幽体が教えた事
『幽体は、私に何でも教えてくれた。』
「友達、恋人、家族でしたね。」
喜与恵は、私に微笑んだ。
私は、ゆっくりと頷いた。
『愛する事の難しさ、拭いきれない程の悲しみ、絶望の中を生きていく苦しみ…。私の元へくる幽体のほとんどが、最後に嬉しいや楽しいなんて感情を持っていなかった。ほとんどの幽体が、絶望と悲しみの中でその生涯を終えていた。』
「宝珠だからこそ現れたのかもしれませんよ。」
喜与恵は、私の涙を優しく拭ってくれる。
『私の元へやってくる魂のほとんどが、今の世に生き苦しさを感じていた。夫が不倫をしていた幽体がやってきた。彼女は、不妊だった。二人で生きて行く道を見つけよう。そう言ってくれた優しい夫は、彼女の親友と不倫していた。子供なんていなくたって幸せになれるのよ。そう言って笑って励ましてくれた親友は夫と手を繋いでいた。親友は、バツイチで子持ちだった。そこには、自分が望んだ家族の形が合ったと彼女は笑った。』
「酷い裏切りですね。」
『そうだね。彼女は、優しい夫に愛されてると思っていたんだよ。だって、夫は落ち込んだ自分に毎日こう言った。ゆっくりでも、二人で生きて行こう。俺は、君がいれば何もいらないよってね。三日月先生、あれは嘘だったんですよね?彼女の願いで、彼女が亡くなって一週間後に会いに行ったんだ。私も、幽体としてね。』
「どうだったのですか?」
『彼女の夫は、彼女の親友と…。彼女と一緒に寝ていたベッドで肌を重ねていたよ。』
「そんな…」
喜与恵は、ボトボトと泣いた。
『ほら、やっぱり。三日月先生、嘘だったのよ!私の結婚生活なんて!彼女は、笑った。私も悪かったの、彼を責めていたから…。結婚して12年だった。
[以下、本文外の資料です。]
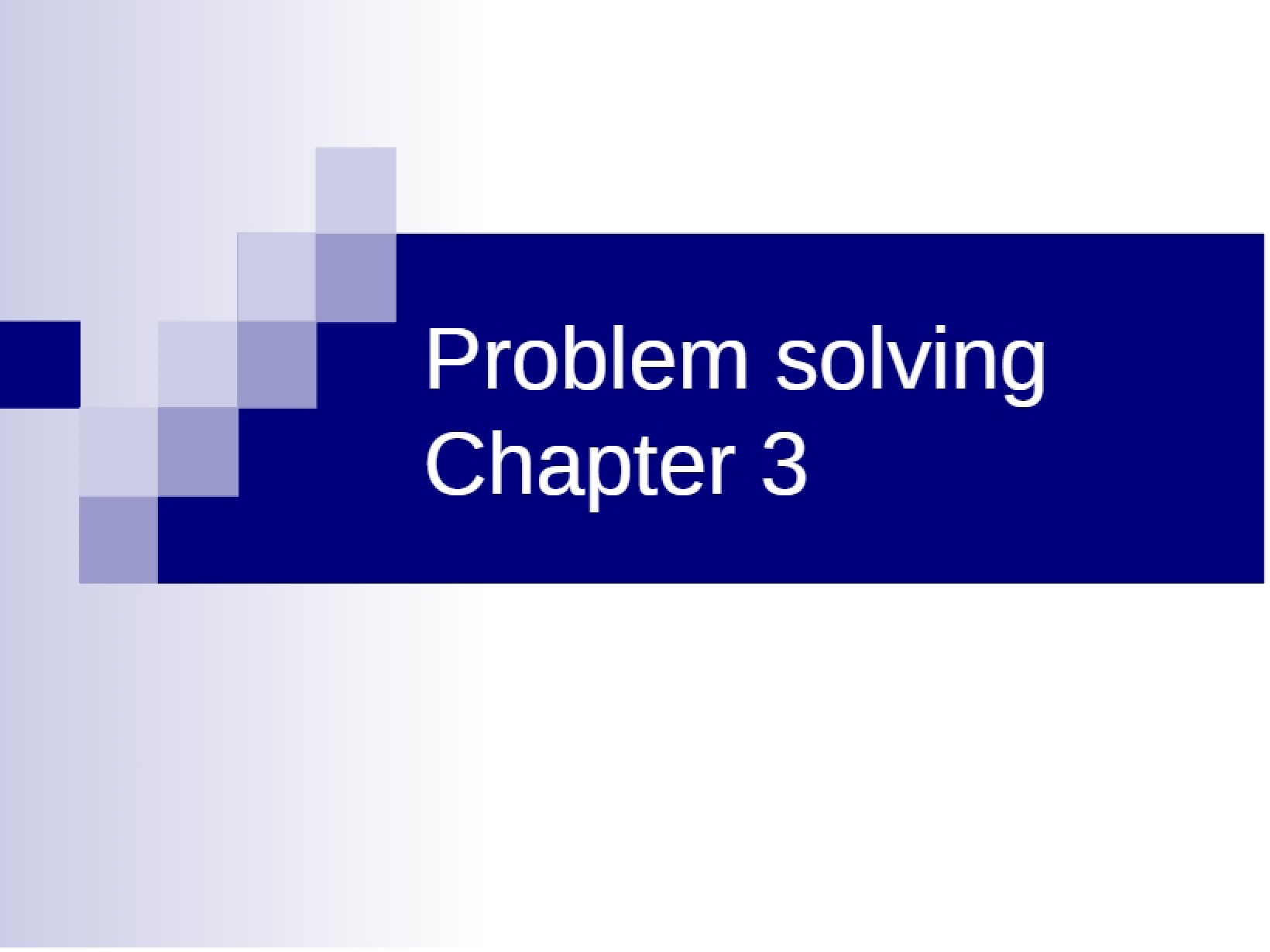 Solving Problems in Programming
愛なんてどこにあったのだろうか?私の疑問と彼女の疑問は同じだった。事がすんだら、親友は彼女の仏壇に手を合わせてニヤリと微笑んだ。可哀想、何にも手に入れられなくて。そう言ったのだ。』
「そんな酷い話ありません。何で、そんな酷い事が…。」
『私はね、滑稽だと思った。彼女も同じだった。寝室に戻ると、彼女の夫は、ベッドの上で泣いていたんだ。下らないわね、三日月先生。彼女が笑ったけれど、心がどしゃ降りなのは感じていた。泣くぐらいなら、初めからしなければよいのではないか?私は、彼女の夫を見ながら思っていた。でも、
何故、泣いているのか、私も彼女も気になったんだ。』
「幽体のまま、触れたのですね?」
喜与恵の言葉に、私は頷いた。
『私から流れてくるビジョンを彼女に見せてあげたかった。そして、彼女もそれを望んでいた。私は、彼に触れた。彼の頭の中には、彼女との日々が流れ続けていた。彼女は、何故と泣いていた。』
「何故だったのですか?」
私は、喜与恵を見つめていた。
『互いに相手に気持ちをぶつけなくなっていった。だから、互いの気持ちがわからなかったんだよ。彼は、子供を欲しい事、でもそれ以上に彼女を失いたくない事をうまく言えなかった。彼女は、子供は欲しいけれど本当は彼が一番大事だというのをうまく言えなかった。それらを口に出し続ければ、本当に子供が出来なくなってしまうかも知れないと互いに恐れた結果だった。愛していたとしても、相手に伝わっていないならば愛していないのと同じ事だと私は彼女の幽体から教えられた。』
「それで、その夫はどうしたのですか?」
『彼女の49日に崩壊して、入退院を繰り返しているよ。彼女がね。今でもずっと傍にいるんだ。時々、私に会いに来て報告してくれるんだよ。彼女は、私に話したんだ。死ぬ前に、もっとぶつかればよかったって…。』
「彼女の言葉は、伝えなかったのですね」
『彼女が、お別れを望まなかった。彼の傍に一生いる事を選んだんだ。だから、今も傍にいるよ。』
「死なずにそれを知れていたら、二人の未来は違っていたのでしょうね」
喜与恵は、そう言って泣いていた。
私は、たくさんの幽体から愛を教えられた。
それは、様々な形や色で、一人として同じものはないのを知った。
同じではなくても、共鳴したものだけが友になりパートナーになる事を知った。
言葉で、表現すれば「わかる」って気持ちである。
なのにいつしか、普通や常識や当たり前とゆう名の濁流に押し流されていく。
その結果、自分が本当に欲している事を忘れてしまうのだ。
そして、息が出来なくなるのを感じていくのだ。